» **The data**:
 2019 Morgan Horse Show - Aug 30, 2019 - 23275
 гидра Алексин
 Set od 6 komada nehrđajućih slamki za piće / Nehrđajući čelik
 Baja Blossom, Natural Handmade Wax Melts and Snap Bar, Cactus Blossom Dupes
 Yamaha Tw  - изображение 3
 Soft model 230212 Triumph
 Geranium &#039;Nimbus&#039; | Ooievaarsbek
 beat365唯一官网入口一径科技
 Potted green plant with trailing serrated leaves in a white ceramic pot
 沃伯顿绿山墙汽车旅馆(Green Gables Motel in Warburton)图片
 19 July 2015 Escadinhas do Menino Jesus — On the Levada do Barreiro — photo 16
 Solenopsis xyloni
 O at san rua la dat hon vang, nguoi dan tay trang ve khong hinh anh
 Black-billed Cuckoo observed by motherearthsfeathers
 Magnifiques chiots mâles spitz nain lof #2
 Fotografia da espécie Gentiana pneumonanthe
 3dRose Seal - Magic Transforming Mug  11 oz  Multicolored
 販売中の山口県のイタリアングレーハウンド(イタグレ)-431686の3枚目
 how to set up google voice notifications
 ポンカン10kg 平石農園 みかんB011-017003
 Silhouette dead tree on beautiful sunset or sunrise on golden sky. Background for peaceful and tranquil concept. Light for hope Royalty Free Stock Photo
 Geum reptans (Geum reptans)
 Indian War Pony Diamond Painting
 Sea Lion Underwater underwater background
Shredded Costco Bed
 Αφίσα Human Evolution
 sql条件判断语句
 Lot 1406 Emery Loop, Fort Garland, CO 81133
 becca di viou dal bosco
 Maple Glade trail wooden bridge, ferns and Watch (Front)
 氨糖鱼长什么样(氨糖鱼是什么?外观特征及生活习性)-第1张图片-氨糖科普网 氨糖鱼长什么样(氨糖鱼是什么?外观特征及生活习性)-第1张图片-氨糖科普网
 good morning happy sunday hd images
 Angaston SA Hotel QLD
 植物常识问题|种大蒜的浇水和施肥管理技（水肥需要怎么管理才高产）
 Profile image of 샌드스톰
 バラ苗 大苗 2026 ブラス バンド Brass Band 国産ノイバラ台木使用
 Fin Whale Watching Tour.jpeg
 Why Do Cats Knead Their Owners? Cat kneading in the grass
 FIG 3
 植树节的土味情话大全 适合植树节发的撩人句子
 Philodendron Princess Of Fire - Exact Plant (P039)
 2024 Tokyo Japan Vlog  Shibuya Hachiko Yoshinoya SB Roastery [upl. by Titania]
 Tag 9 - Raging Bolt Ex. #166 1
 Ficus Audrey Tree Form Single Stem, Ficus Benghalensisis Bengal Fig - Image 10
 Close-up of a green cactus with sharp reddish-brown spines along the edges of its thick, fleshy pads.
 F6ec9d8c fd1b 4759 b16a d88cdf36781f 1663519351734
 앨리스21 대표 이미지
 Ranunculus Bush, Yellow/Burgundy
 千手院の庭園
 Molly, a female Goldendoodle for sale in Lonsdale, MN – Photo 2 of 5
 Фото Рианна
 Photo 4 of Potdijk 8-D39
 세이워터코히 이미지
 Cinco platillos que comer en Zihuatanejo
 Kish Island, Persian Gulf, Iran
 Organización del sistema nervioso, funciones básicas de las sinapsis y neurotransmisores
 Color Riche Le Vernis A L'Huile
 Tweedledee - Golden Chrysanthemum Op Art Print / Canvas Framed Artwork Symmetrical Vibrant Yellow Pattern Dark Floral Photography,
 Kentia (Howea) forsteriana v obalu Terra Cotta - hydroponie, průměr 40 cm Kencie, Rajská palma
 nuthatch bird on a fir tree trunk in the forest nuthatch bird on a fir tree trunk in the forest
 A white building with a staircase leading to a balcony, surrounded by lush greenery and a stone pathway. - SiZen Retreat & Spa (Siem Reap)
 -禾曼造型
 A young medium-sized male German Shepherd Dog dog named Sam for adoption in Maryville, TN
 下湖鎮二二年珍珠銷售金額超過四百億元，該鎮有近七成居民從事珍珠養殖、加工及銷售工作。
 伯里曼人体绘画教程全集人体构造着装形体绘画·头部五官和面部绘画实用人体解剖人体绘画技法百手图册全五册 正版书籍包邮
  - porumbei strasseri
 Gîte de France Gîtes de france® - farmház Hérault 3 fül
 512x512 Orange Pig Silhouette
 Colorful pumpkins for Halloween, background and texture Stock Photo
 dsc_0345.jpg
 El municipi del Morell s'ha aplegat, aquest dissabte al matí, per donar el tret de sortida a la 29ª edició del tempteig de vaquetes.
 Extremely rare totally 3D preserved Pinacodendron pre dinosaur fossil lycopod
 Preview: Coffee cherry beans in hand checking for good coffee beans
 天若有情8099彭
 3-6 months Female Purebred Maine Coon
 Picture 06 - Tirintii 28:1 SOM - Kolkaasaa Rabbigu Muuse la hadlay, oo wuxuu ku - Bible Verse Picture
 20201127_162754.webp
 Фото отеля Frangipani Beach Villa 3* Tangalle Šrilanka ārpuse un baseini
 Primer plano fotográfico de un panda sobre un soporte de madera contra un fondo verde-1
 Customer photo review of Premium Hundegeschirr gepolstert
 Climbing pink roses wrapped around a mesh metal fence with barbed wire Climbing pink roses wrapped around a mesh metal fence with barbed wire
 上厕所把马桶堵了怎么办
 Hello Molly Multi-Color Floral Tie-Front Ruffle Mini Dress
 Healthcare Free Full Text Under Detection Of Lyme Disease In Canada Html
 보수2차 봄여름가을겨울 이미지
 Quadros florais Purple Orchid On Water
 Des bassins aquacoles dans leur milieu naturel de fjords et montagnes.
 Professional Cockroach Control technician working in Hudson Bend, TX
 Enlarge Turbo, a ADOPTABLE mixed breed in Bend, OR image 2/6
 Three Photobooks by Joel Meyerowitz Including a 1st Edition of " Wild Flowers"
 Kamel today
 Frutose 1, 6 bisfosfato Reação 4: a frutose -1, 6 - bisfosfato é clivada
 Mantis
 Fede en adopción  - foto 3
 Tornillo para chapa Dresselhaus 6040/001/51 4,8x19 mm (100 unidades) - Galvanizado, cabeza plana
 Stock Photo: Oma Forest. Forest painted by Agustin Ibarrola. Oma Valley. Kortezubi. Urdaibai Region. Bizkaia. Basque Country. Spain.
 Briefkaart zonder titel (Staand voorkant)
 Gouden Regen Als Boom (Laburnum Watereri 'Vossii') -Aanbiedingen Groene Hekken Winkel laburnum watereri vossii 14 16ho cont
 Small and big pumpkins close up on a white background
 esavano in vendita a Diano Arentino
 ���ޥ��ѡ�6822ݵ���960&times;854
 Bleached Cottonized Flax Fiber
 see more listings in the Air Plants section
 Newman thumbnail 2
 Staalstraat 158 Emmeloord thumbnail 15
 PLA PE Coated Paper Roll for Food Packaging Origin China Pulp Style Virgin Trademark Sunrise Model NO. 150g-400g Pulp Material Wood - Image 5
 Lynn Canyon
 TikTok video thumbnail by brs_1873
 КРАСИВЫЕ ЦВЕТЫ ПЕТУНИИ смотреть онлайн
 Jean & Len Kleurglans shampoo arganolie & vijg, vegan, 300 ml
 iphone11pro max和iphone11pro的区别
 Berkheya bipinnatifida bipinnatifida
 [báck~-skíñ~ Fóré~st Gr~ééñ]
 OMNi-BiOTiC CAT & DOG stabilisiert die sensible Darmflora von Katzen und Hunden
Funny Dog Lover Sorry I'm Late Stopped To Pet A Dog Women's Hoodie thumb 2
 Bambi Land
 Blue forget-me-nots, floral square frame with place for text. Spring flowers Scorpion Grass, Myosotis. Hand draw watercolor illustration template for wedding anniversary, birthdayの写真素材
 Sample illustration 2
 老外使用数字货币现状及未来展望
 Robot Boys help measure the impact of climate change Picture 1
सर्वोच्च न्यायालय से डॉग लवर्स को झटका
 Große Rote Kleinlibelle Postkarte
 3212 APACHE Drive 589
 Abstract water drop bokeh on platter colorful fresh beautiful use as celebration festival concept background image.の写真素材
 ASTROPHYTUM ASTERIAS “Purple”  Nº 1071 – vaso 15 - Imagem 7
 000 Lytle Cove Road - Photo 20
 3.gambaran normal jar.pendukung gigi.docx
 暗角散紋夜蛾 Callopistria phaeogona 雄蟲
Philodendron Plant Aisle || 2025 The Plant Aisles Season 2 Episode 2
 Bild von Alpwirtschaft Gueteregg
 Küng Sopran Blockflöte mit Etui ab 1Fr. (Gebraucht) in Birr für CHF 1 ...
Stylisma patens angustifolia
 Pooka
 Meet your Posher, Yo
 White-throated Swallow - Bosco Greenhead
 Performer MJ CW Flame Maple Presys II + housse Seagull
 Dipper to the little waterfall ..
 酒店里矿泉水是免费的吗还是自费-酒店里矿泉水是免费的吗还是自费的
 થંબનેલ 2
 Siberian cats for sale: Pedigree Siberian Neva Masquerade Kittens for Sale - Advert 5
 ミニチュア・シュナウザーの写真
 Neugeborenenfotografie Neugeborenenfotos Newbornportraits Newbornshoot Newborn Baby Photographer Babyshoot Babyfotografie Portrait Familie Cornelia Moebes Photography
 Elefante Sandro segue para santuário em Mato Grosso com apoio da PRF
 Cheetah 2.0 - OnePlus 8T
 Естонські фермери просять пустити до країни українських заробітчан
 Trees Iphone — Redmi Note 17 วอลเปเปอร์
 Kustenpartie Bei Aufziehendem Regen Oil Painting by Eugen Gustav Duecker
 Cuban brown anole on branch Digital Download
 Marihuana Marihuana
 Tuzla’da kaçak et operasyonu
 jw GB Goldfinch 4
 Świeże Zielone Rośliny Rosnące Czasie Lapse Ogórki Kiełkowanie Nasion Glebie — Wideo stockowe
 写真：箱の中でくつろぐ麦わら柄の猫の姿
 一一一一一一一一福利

» **Assigned task**: If the word "good" appears in a line above, copy that line.

» **Response**:
 good morning happy sunday hd images
 Preview: Coffee cherry beans in hand checking for good coffee beans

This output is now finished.